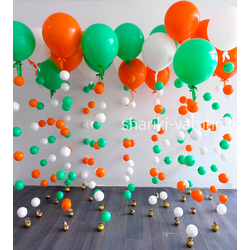 Шары цепочки с пузырями (23 шт) , "Воздушный лабиринт"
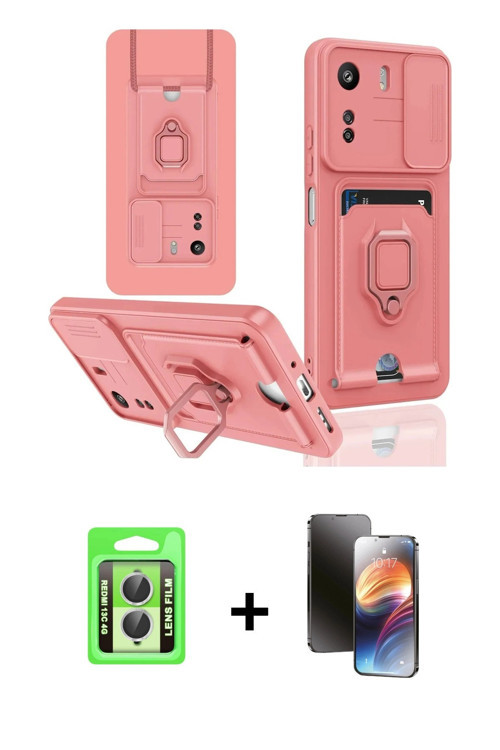 ieg™ Redmi 13C Kılıf Vadi Form Prime - Siyah 3D Antistatik Mat Seramik Nano Ekran Koruyucu + Gümüş R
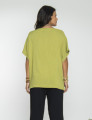 Blusa Quadrada Linho Verde Atemoia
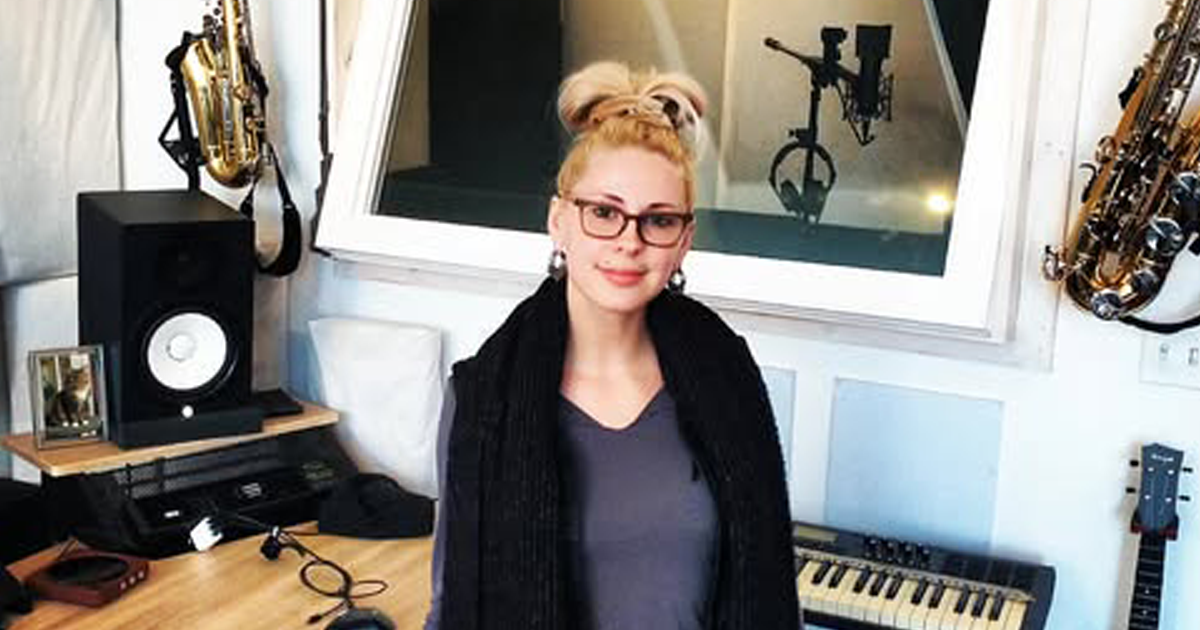 Narrator Recording Her Audiobook In Chicago Recording Studio
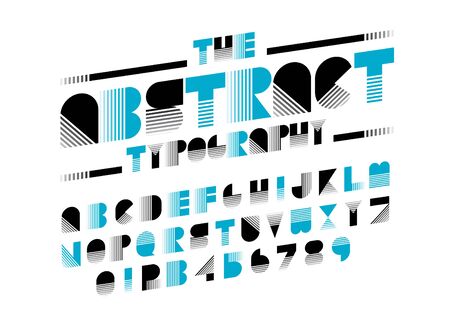 A Vector of modern abstract font and alphabet illustration.のイラスト素材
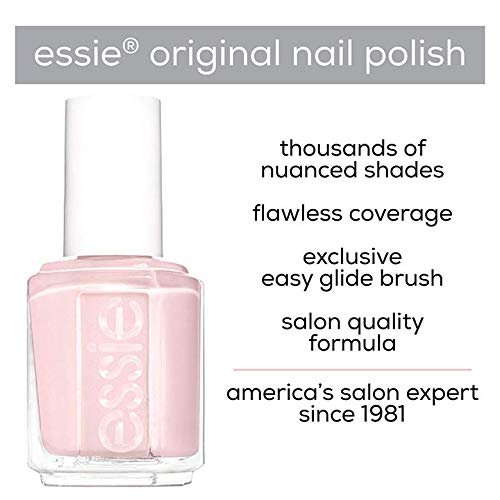 Essie Nail Polish, Salon-Quality, - Imported Products Soft from 8-Free Vegan, Ladylike, USA - 0.46 Mauve Pink, Ounces iBhejo
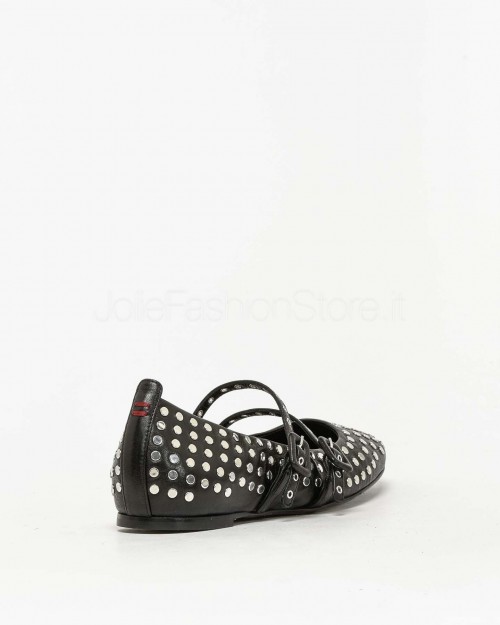 Halmanera Black Ballerina with Studs  DODO 54 BARON NERO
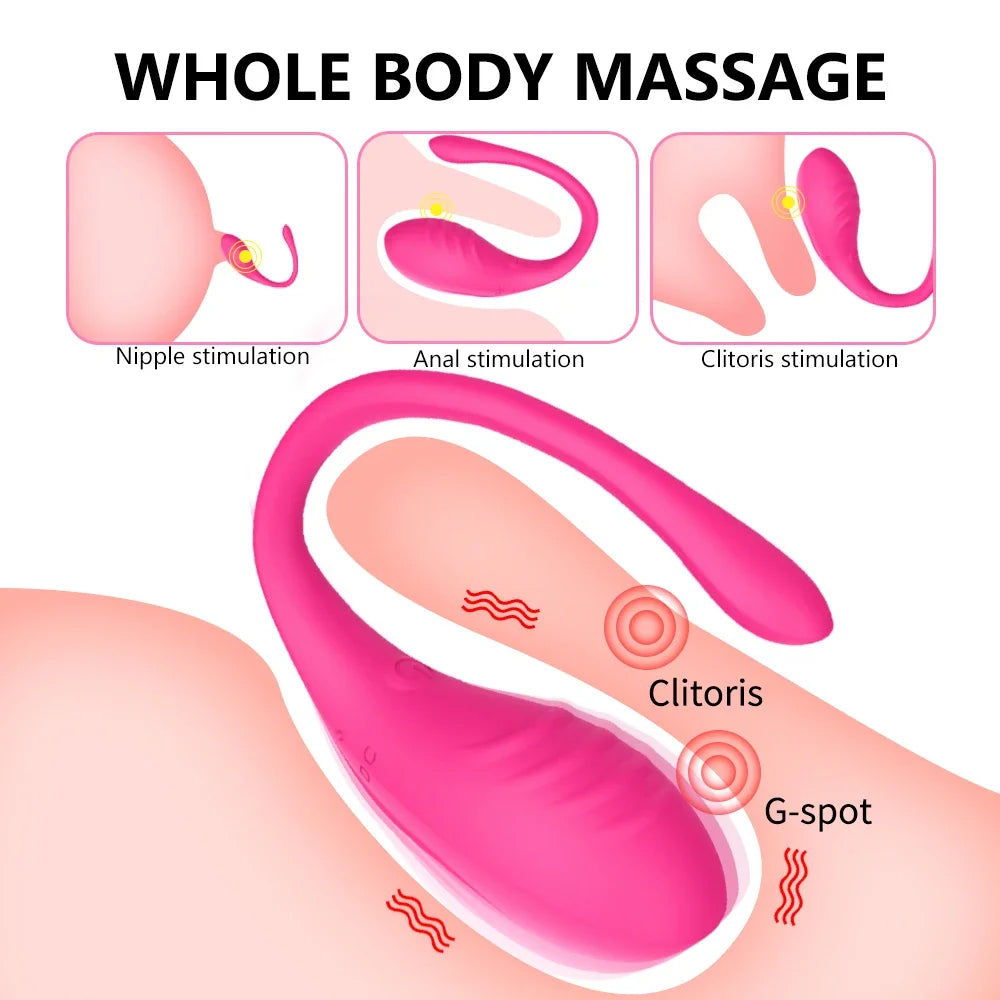 Wireless Control Vibrator for Women Dildo Panties Wear Vibrating Egg Vaginal G Spot Massager Female Masturbator Adults Sex Toys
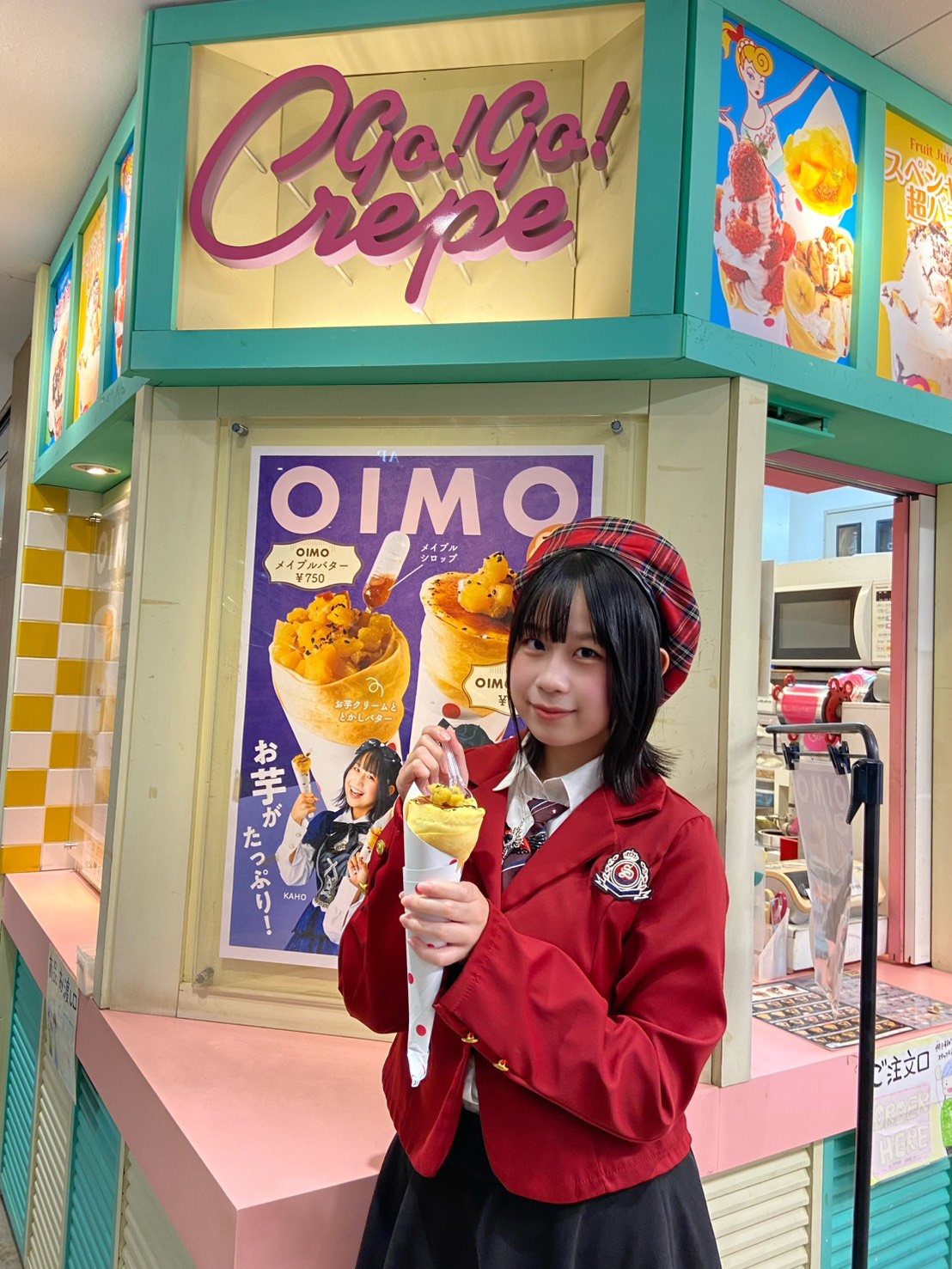 クレープ店の広告キャラクターに起用されました！ | Bluegreen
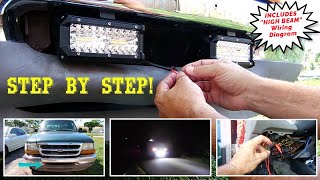 How To Wire Up amp Install LED Light Bars [upl. by Trumann160]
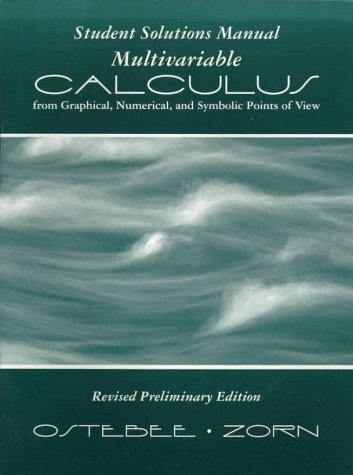 Book cover for Multivariable Calculus from Graphical, Numerical, and Symbolic Points of View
* * * * *
- **To do**:
Repeat exactly the lines from the first line of the records above through the line containing "Wireless Control Vibrator", both included. Leave out the pictures.

- **Solution to the problem**:
 Шары цепочки с пузырями (23 шт) , "Воздушный лабиринт"
 ieg™ Redmi 13C Kılıf Vadi Form Prime - Siyah 3D Antistatik Mat Seramik Nano Ekran Koruyucu + Gümüş R
 Blusa Quadrada Linho Verde Atemoia
 Narrator Recording Her Audiobook In Chicago Recording Studio
 A Vector of modern abstract font and alphabet illustration.のイラスト素材
 Essie Nail Polish, Salon-Quality, - Imported Products Soft from 8-Free Vegan, Ladylike, USA - 0.46 Mauve Pink, Ounces iBhejo
 Halmanera Black Ballerina with Studs  DODO 54 BARON NERO
 Wireless Control Vibrator for Women Dildo Panties Wear Vibrating Egg Vaginal G Spot Massager Female Masturbator Adults Sex Toys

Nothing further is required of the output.